Norwegian transaction volume for 2018 was down 21 per cent compared with 2017. For Europe in total, the 2018 M&A transaction volume was down 1.01 per cent compared with 2018. The transaction volume in Denmark, Finland and Sweden increased by 4.3, 31.6 and 15.88 per cent respectively, compared with 2017. Even if the Norwegian M&A volumes retracted in 2018, the deal volumes reached the second-highest ever recorded, only surpassed by 2017. Active private equity funds, low financing costs, available capital in the market, volatile oil and gas prices, high equity valuations and a strong focus on technology all contributed to a stable deal making environment for 2018. Still, for 2016, 2017 and 2018, the market for public takeovers was in fact rather muted, with only eight public takeovers and attempted takeover offers issued in 2016, only five public takeovers and attempted takeover offers for listed companies issued in 2017 and only seven public takeovers and attempted takeover offers for listed companies issued in 2018, compared with 12 takeovers and attempted public takeovers in 2015. The most notable public takeover deals announced during 2017 were Qumei Investment AS’s €594 million acquisition of Ekornes ASA and ABRY Partners’ €411 million of Link Mobility Group. Another standout public takeover announced in 2018, was FSN Capital Partners’ €244 million acquisition of Safe Road ASA. For 2018, the stock market was influenced by more volatile and declining oil prices, combined with a more volatile stock market resulting from trade wars and protectionism. Oslo Stock Exchange’s main index ended down, with a 3.8 per cent decrease compared to 2017. However, until the beginning of October 2018, the stock market continued to be buoyant and the Oslo Stock Exchange’s main index increased 15.7 per cent compared with 2017. Resulting from this, the Norwegian IPO-market had continued to flourish for most of 2018. In total we witnessed 16 new listings on Oslo Stock Exchange and Oslo Axess compared with 18 IPOs for 2017.
Throughout 2018, industrial players continued to take a large stake of the total M&A volume, and eight out of the largest 10 disclosed Norwegian M&A deals for 2018 had industrial or strategic investors on the buy side, which is the same number as for 2017. Compared to 2017, the Norwegian market decreased 9.7 per cent in number of transactions involving private equity sponsors, (either on the buy- or sell-side), and the average reported deal sizes for deals involving private equity sponsors fell significantly.
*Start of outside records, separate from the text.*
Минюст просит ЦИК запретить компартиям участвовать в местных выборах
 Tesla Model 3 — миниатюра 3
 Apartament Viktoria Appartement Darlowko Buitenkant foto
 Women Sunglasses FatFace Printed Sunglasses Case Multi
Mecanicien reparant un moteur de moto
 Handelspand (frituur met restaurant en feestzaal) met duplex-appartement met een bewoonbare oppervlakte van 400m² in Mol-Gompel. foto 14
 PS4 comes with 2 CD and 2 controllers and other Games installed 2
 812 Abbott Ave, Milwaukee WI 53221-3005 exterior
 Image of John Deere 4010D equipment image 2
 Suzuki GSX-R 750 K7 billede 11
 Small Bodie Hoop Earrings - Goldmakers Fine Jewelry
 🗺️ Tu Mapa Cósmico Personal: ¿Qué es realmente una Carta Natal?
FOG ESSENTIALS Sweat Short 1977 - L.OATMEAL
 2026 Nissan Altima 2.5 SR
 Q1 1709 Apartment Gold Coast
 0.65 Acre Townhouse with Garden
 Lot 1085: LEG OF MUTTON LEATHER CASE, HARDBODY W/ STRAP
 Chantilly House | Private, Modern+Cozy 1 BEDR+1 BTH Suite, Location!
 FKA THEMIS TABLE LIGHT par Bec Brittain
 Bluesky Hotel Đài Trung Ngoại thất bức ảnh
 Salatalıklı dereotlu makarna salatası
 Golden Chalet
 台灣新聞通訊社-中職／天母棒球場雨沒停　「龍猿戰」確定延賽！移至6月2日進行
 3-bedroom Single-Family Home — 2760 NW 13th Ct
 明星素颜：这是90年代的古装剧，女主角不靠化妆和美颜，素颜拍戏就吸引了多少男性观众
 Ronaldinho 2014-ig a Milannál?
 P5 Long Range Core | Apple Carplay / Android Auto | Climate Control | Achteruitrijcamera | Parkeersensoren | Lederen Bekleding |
The market continued to be driven by new investments and add-ons, and in 2018, we witness an increase in number of private equity new investments and add-ons compared with 2017, while the number of private equity exits were down.
Since the second half of 2014 continuing throughout 2016, increasing volatility in the debt capital markets resulting from declining oil and gas prices pushing many high yield bonds towards default substantially impacted the plans for those who were planning to raise new acquisition financing in the Norwegian debt capital market. As a result, an increasing number of borrowers, in particular foreign sponsors, started to turn elsewhere than the high-yield bond market and traditional banking financing, when considering financing packages for new acquisitions. On large transactions, there has been an increasing trend of unitranche or term loan B-style loans spreading globally. Funds offering these types of new loan products now also market these products in the Norwegian market specifically towards private equity sponsors. However, since the beginning of 2017 and throughout most of 2018, we witnessed an improvement of the Norwegian high-yield bond market, which has made an increasing number of acquirers again consider high-yield bonds as a feasible alternative for raising acquisition financing.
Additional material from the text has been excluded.